En ese sentido, la cita sobre Studio 54 es, más que una
anécdota pícara de doña Carter, un testimonio de lo que la cultura disco (y ese
lugar como escenario clave) representó: la reunión y amalgama de razas, sexos y
clases en la pista de baile. No importaba si eras Bianca Jagger, Andy Warhol o
un John Doe más de la noche; ricos y pobres, elegidos y plebeyos, todos eran
parte de una misma comunidad. Y anoche en el Luna Park, más allá de toda la
parafernalia multimedia, lo que se vio fue a los últimos representantes de
aquel ideal integracionista de la música disco. Los dueños de un pluralismo
artístico que logra congregar al gerente de Mercedes Benz con el mecánico de
Warnes, a la loca de Amerika con el rugbier de San Isidro, y que todos juntos coreen
el “Together!” de “Go West” para celebrar el triunfo del puto comunismo.
En el diccionario Tennant - Lowe, no existe apartheid temporal,
musical o estético. Hasta borraron fronteras cuando el vocalista saludó a
“Santiago” y, de inmediato, enumeró “Buenos Aires, Sudamérica” en la apertura
del show, en lo que no se sabe si fue un pifie elegantemente disimulado o un verdadero
mensaje por la integración regional.
Lo cierto es que el pasado disco (“One More Chance” y “I Get
Excited”, primeros trabajos con el productor Bobby Orlando, padre del Hi-NRG)
se mezcló con el futuro dance (los estrenos de “Axis” y “Vocal”, que abrieron y
cerraron el concierto).
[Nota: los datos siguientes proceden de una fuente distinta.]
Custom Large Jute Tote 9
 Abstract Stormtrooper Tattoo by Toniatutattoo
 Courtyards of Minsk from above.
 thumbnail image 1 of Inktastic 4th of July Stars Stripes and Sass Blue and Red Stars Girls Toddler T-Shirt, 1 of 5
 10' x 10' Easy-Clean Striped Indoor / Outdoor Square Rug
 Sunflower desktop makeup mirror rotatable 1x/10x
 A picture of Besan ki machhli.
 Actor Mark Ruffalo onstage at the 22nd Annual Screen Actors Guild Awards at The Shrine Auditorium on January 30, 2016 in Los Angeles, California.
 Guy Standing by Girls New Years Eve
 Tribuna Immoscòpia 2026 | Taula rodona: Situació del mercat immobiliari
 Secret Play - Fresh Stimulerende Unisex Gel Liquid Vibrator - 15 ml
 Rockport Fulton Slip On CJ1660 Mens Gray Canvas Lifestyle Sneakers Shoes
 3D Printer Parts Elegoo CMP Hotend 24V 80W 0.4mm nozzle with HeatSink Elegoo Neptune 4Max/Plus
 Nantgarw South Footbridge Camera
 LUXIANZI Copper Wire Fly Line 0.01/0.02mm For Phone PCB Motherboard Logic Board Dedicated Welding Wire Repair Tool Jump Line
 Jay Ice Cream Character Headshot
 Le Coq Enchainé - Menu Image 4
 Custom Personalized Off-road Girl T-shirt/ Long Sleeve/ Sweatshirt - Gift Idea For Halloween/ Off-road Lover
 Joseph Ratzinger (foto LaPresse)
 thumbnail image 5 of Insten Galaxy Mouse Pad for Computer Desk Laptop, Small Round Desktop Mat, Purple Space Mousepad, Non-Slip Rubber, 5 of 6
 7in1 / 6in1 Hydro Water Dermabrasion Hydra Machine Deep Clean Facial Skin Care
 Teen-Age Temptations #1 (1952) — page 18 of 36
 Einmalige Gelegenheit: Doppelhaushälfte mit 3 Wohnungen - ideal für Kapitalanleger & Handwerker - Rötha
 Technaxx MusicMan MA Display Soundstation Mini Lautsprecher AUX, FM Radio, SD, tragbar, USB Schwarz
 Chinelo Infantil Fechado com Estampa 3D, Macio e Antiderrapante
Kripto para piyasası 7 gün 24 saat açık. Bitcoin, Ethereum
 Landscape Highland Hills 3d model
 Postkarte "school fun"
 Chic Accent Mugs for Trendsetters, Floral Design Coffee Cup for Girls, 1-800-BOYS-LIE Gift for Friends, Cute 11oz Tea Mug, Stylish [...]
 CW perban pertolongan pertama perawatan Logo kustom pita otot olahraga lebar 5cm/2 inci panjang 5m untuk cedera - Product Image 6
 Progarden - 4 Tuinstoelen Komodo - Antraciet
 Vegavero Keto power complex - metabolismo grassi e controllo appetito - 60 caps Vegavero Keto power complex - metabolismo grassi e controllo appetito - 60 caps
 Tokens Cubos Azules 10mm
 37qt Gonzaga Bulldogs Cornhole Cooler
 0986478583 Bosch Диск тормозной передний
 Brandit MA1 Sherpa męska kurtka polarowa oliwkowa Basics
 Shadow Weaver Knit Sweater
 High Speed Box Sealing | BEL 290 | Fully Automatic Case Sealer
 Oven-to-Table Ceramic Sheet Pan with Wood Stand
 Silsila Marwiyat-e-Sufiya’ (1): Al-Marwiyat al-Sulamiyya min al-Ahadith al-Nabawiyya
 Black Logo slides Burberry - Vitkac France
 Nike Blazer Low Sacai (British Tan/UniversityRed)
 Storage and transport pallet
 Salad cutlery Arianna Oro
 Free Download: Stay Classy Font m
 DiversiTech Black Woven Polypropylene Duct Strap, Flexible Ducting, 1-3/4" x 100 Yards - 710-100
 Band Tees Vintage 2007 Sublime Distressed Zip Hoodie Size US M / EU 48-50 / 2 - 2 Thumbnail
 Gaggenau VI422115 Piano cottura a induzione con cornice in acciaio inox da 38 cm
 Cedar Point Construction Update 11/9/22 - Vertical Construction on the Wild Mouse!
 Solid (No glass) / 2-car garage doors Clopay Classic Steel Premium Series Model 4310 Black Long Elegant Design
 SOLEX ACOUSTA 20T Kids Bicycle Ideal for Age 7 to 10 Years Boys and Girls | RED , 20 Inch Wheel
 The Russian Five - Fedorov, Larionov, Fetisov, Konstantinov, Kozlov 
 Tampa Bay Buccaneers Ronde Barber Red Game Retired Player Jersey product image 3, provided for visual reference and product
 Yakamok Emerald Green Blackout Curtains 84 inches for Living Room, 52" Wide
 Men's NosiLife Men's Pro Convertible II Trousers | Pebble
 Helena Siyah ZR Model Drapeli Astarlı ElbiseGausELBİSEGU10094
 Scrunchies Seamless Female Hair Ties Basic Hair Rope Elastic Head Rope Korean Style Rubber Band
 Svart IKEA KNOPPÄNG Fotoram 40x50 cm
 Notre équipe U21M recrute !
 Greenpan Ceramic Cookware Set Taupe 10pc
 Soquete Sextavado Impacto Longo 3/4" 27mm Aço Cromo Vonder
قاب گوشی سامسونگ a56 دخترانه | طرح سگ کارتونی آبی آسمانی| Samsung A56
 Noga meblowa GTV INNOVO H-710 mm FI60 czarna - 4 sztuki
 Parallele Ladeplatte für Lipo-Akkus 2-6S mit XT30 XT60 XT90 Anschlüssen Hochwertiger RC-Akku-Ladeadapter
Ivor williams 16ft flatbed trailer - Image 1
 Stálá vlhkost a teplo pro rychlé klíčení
Clásicos como “Opportunities”, “Suburbia” o “Rent” se fundieron
con los modernos “Face Like That” e “Invisible” (del reciente Elysium) bajo la gira presentación de un
álbum aún inédito (Electric, que
saldrá en julio). Hasta pegaron el flamante cover de “The Last to Die” con
“Somewhere” y juntaron, de una, a Bruce Springsteen con Broadway. Y la puesta
en escena fue un motherboard gigante que
conectó un juego de disfraces, luces, danza y actuación en vestuario y cotillón
naranja Very flúo. Ni siquiera hay
una sola definición para este espectáculo: Pet Shop Boys es, al mismo tiempo, Performance, “Discoteca” y Pandemonium.
Hacia el final, cuando ya se notaba sed de hits en el público,
“Domino Dancing” se apoderó de los pies y “Always on my Mind” de la cabeza. En “West End
Girls” cada uno estaba metido en un baile en el que entramos todos: altos y petisos;
gordos y flacos; kirchneristas y macristas; gays
and straights; marginales y celebrities.
Por casi dos horas, todos fuimos circuitos integrados por la electricidad que
produce esta banda pecaminosa, celestial, maravillosa.